Record extracts section start

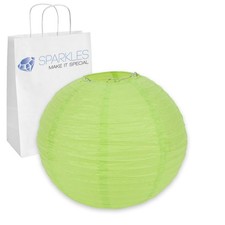 12 pcs 8" inch Chinese Paper Lantern - Apple Green - Wedding Party Event jb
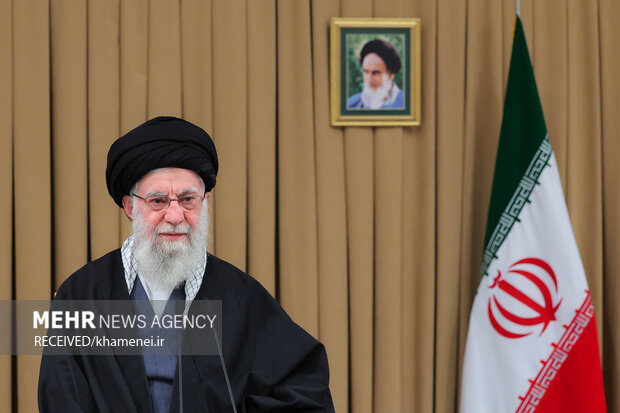 سخنرانی تلویزیونی رهبر معظم انقلاب اسلامی خطاب به ملت ایران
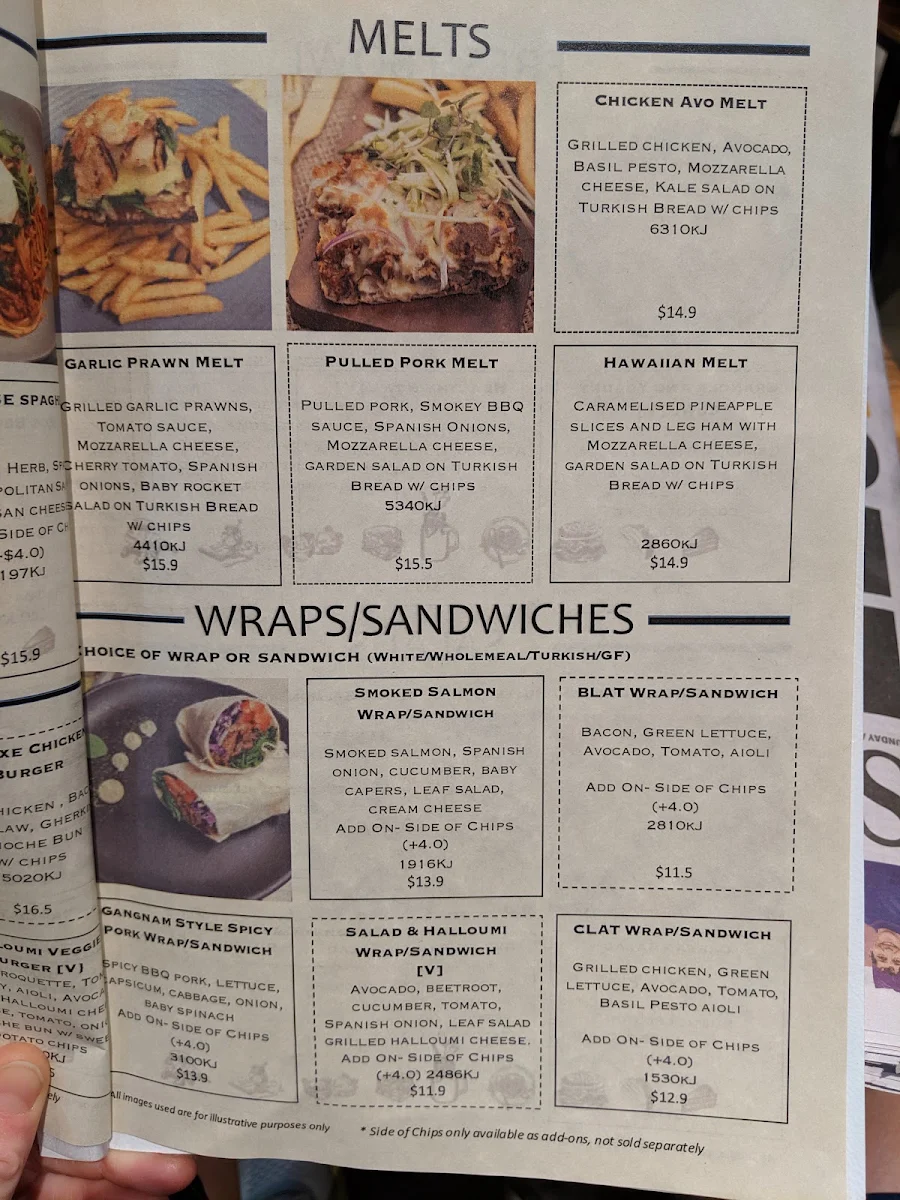 Menu, Caffe Cherry Beans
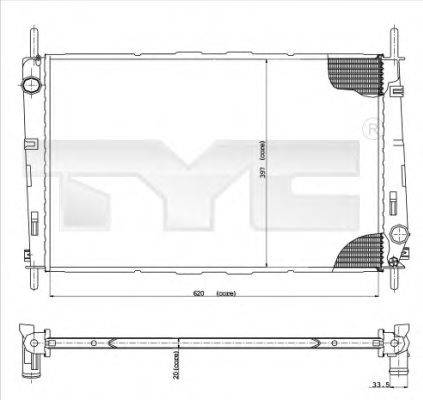 TYC 7100046 Радіатор, охолодження двигуна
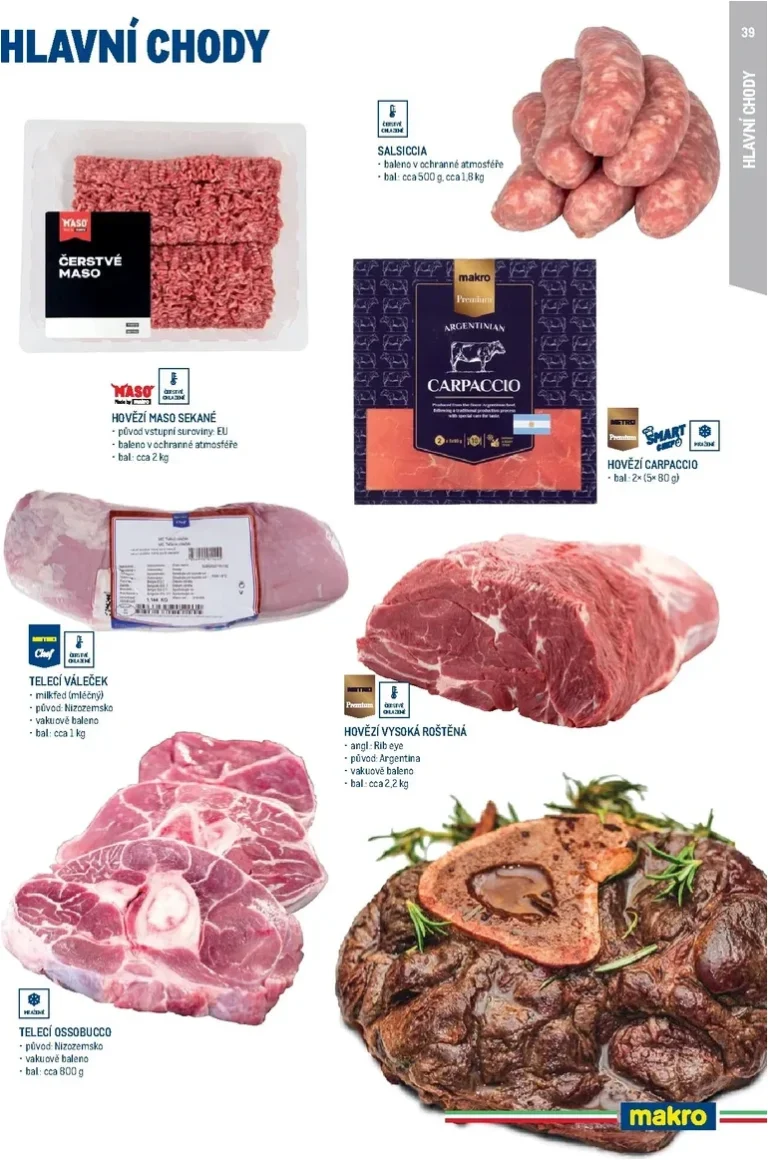 Akční leták Makro – Itálie platný od 15.05.2026 - strana 39
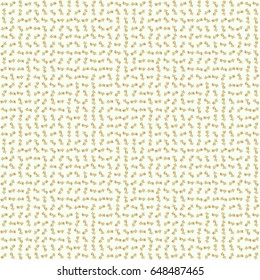 Seamless floral tiling pattern in gold and beige colors. Vintage damask ornament.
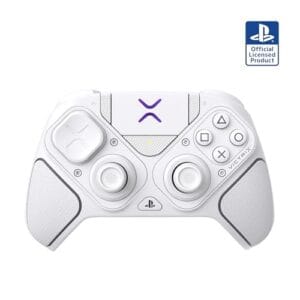 Turtle Beach Victrix Pro BFG Reloaded Blanco Mando modular inalámbrico para PS5 y PS4. Con licencia oficial de PlayStation para jugadores competitivos y de esports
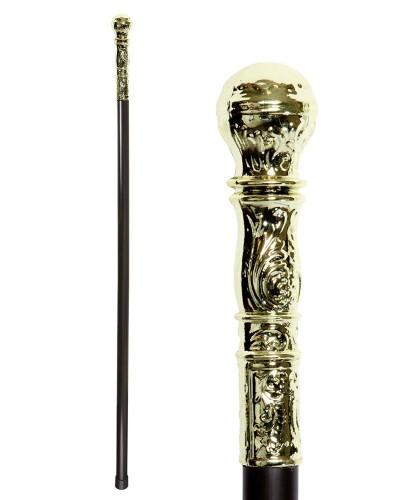 Canne élégante avec pommeau doré – 92 cm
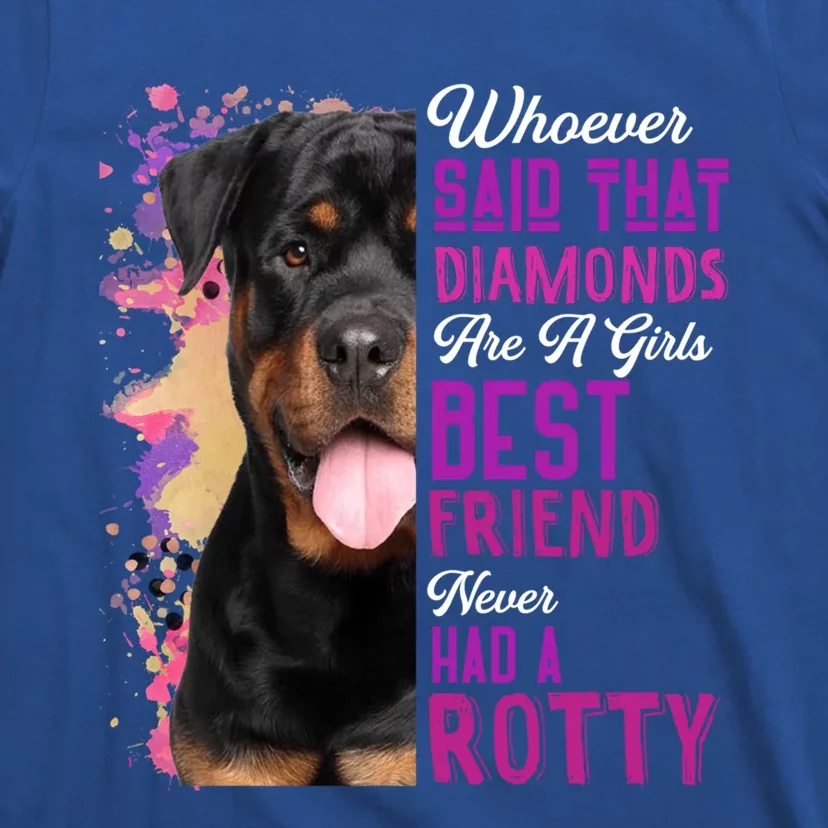 Rottweilers Are A Best Friend Dog Mama Rotty Lover Mom Gift T-Shirt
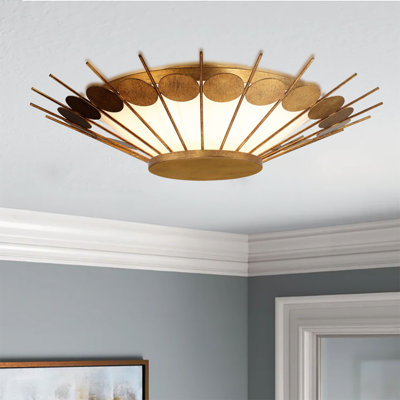 Refugio Glass LED Flush Mount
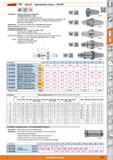 613 Гидрозажимные патроны DIN 69871 DIN 69871 HSC от Hoffmann Group Короткое или тонкое исполнение Радиальное биение 3 мкм С отверстием для чипа хранения Каталог HOFFMANN GROUP 2015 Редакция 46 на русском Стр. 613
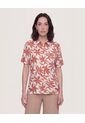 Camisa Manga Corta  Para Mujer Rojo Ostu de Ostu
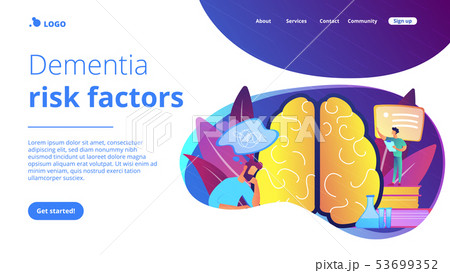 Alzheimer disease concept landing page. Alzheimer disease concept landing page. 53699352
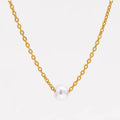 Dainty Single Pearl Slide Necklaces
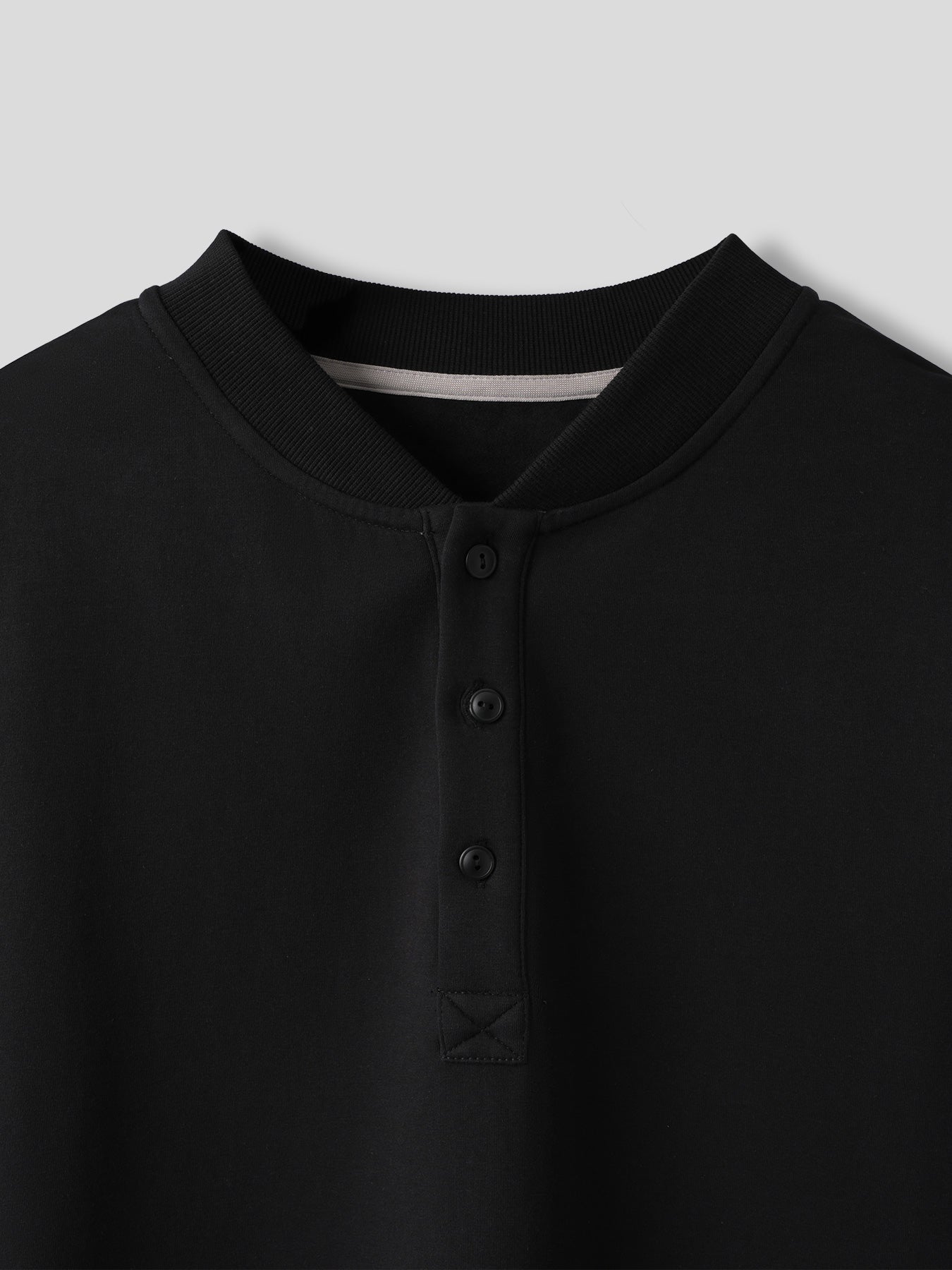 CozySpacer SuedePatch Button Sweatshirt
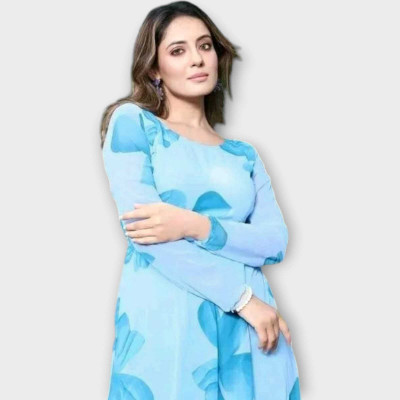 Dhanshavi tex Anarkali Gown(Blue)
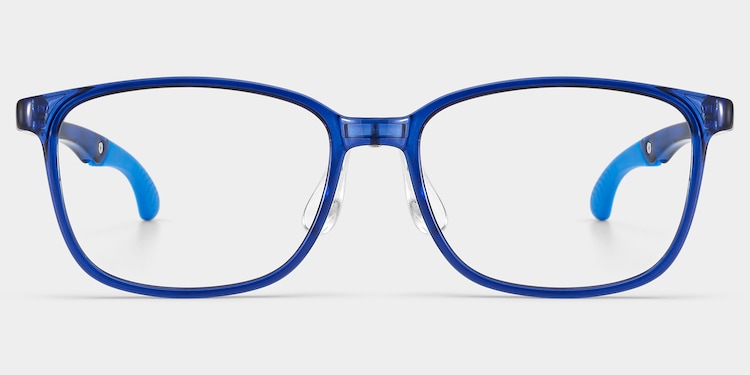 Gray Rectangle Blue Glasses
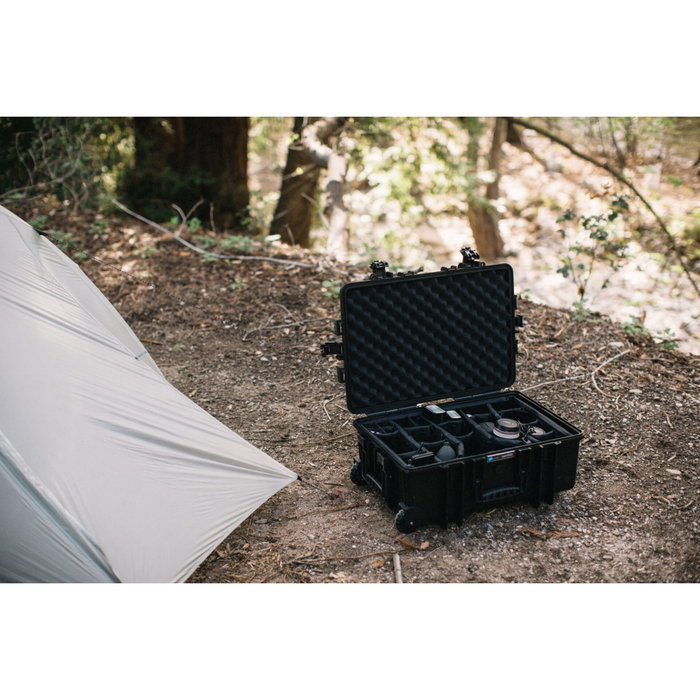 B&W Outdoor Case Type 6700 negro con sistema de divisores B&W Outdoor Case Type 6700 negro con sistema de divisores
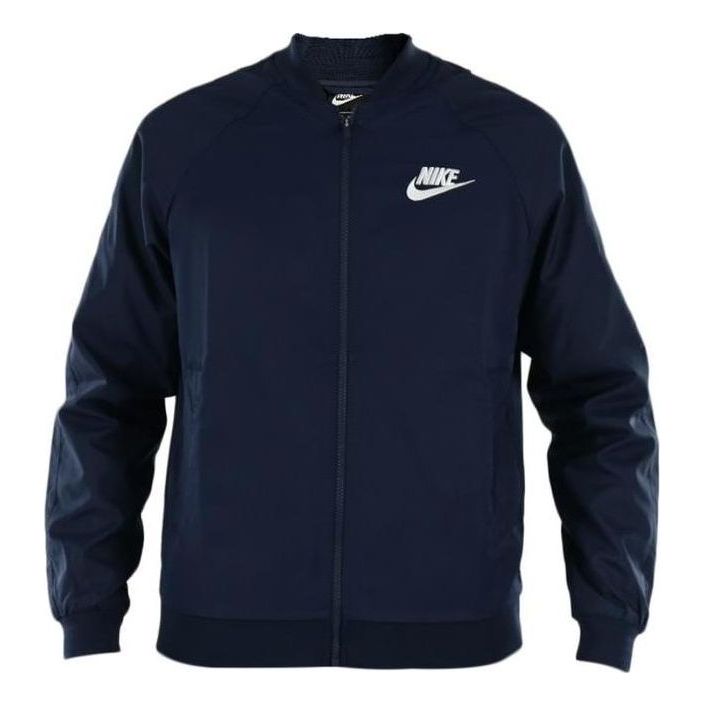 Яке бомбър Nike Men's Sportswear Bomber Jacket Синьо | 832225-451
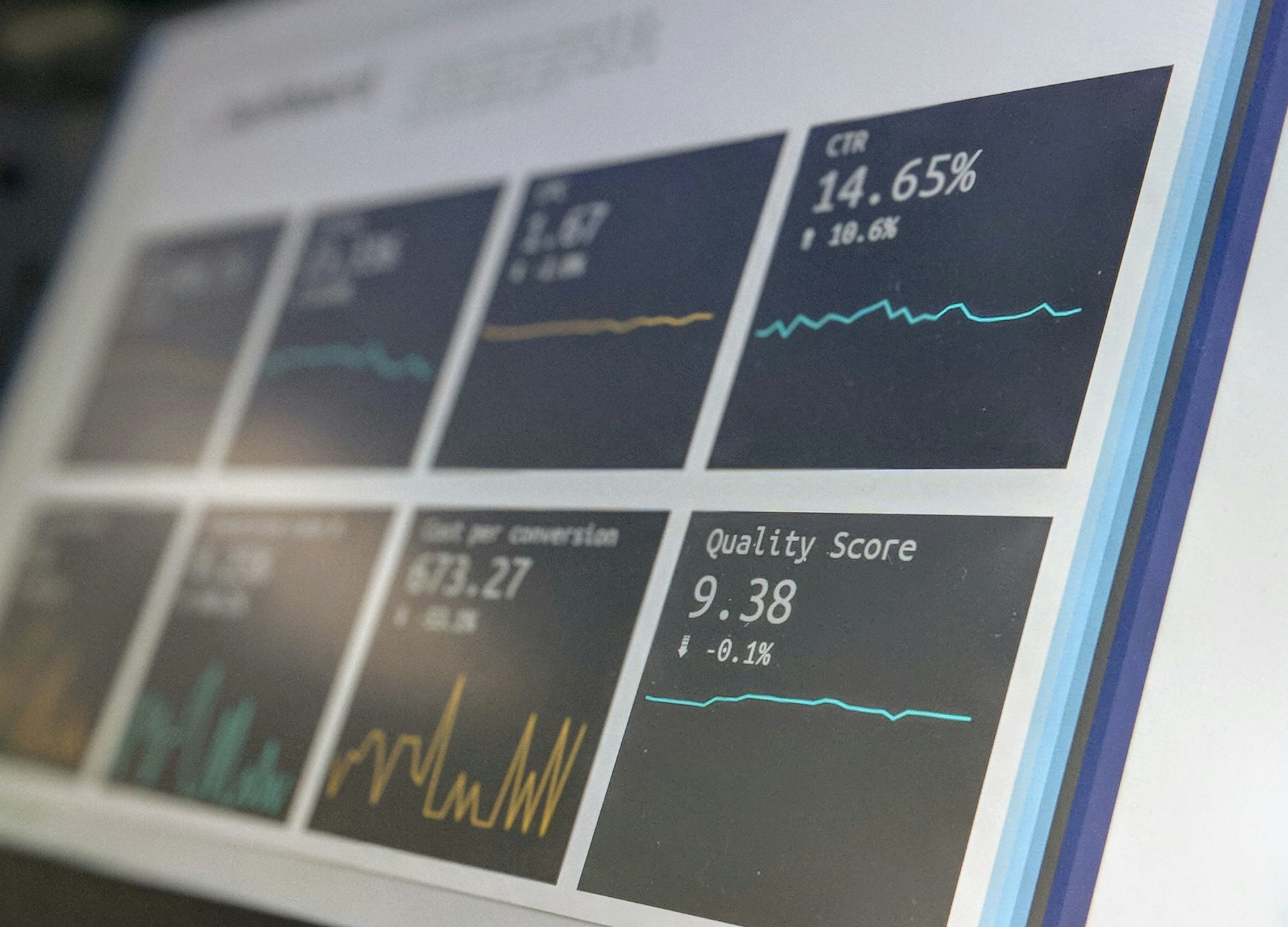 An analytics referral traffic report on screen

Record extracts section end

*What is needed*.
Word for word, restate the records shown above, minus the pictures.

*Response area*.
 12 pcs 8" inch Chinese Paper Lantern - Apple Green - Wedding Party Event jb
 سخنرانی تلویزیونی رهبر معظم انقلاب اسلامی خطاب به ملت ایران
 Menu, Caffe Cherry Beans
 TYC 7100046 Радіатор, охолодження двигуна
 Akční leták Makro – Itálie platný od 15.05.2026 - strana 39
 Seamless floral tiling pattern in gold and beige colors. Vintage damask ornament.
 Turtle Beach Victrix Pro BFG Reloaded Blanco Mando modular inalámbrico para PS5 y PS4. Con licencia oficial de PlayStation para jugadores competitivos y de esports
 Canne élégante avec pommeau doré – 92 cm
 Rottweilers Are A Best Friend Dog Mama Rotty Lover Mom Gift T-Shirt
 Refugio Glass LED Flush Mount
 613 Гидрозажимные патроны DIN 69871 DIN 69871 HSC от Hoffmann Group Короткое или тонкое исполнение Радиальное биение 3 мкм С отверстием для чипа хранения Каталог HOFFMANN GROUP 2015 Редакция 46 на русском Стр. 613
 Camisa Manga Corta  Para Mujer Rojo Ostu de Ostu
 Alzheimer disease concept landing page. Alzheimer disease concept landing page. 53699352
 Dainty Single Pearl Slide Necklaces
 CozySpacer SuedePatch Button Sweatshirt
 Dhanshavi tex Anarkali Gown(Blue)
 Gray Rectangle Blue Glasses
 B&W Outdoor Case Type 6700 negro con sistema de divisores B&W Outdoor Case Type 6700 negro con sistema de divisores
 Яке бомбър Nike Men's Sportswear Bomber Jacket Синьо | 832225-451
 An analytics referral traffic report on screen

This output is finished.